When the Franciscan monk William Rubruk visited Karakorum in 1254 at the behest of France's Louis IX, he was received with courtesy and invited to argue Christianity's case. The Great Khan listened, but declared himself unimpressed: 'God has given you the scriptures and yet you do not observe them. To us he has given soothsayers and we do as they tell us and live in peace.'

Today, Mongolia is far less secure in its convictions. After seven decades of slavish loyalty to Moscow, enforced by leaders handpicked by the Kremlin and the presence of thousands of Soviet troops, this nation - four times the size of France but inhabited by just two million people - is only now beginning to rediscover itself. Since 1921, when it became the world's second socialist state, Mongolia has followed Moscow's lead in every sphere, even agreeing to scrap its own script in favour of Russia's cyrillic alphabet.

Unlike a handful of previous works on Mongolia, based largely on translations from the official press and carefully chaperoned visits, The Lost Country explores Mongolia with spontaneity and imagination. Mr Becker is not a professional Mongolia-watcher, but he has a fresh eye that makes his mix of history and reportage both entertaining and authoritative.

Much of the book deals with the legacy of Soviet domination and first-hand accounts of the terrible suffering this brought. Mongolia had its own Stalin, a mass-murderer called Choibalsan; and its own Brezhnev, a grey, bumbling apparatchik called Tsedenbal, who married a Russian peasant woman and spent much of his time holidaying on the Black Sea.
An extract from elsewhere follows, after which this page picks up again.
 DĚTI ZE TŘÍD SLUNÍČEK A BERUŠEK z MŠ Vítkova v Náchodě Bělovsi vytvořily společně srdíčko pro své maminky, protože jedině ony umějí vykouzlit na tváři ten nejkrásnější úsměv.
When the Soviet Union collectivised, so did Mongolia; when Moscow purged, so did Ulan Bator; when Brezhnev gave himself medals, so did Tsedenbal.

And, finally, when the Soviet Communist Party tried to change, so did the Mongolian People's Revolutionary Party. In 1990 it agreed to abandon its monopoly of power, offering multi-party elections and free-market reform. But freedom, unlike previous policies from Moscow, proved harder to copy. There was no blueprint.

The Soviet military bases that once formed the front line of the feud between Moscow and Peking have now closed, along with most of the statues that once dotted Ulan Bator. Western and Japanese businessmen crowd the hotels previously reserved for secret policemen and party functionaries. Rather than prosperity, however, the pace and manner of Soviet withdrawal recalls the darker episodes of European decolonisation, such as Portugal's grab-all-you-can retreat from Angola and Mozambique.

Unfortunately, Mr Becker completed his book before one of the strangest and most worrying events in the history of life after Communism. This was Mongolia's nation-wide parliamentary election held in June. In a result that stunned the victors as much as the losers, the Mongolian People's Revolutionary Party won a landslide victory, reclaiming the power it had given up only two years before. The opposition cried foul, complaining, with good reason, that only the Communists had the resources needed to fight an election in such a vast country. But this imbalance, though it may have magnified the Communist victory, does not explain it.

For the first time, a Communist Party had staged a comeback, not with tanks, like the Mongolian party's counterpart across the border in China, but through the ballot box. So what happened? Is Mongolia perhaps in danger of again becoming 'the lost country' of Mr Becker's title? Or is it merely leading the way down an obscurantist path that may soon be taken by other former socialist states if democracy is allowed to become just a byword for economic misery?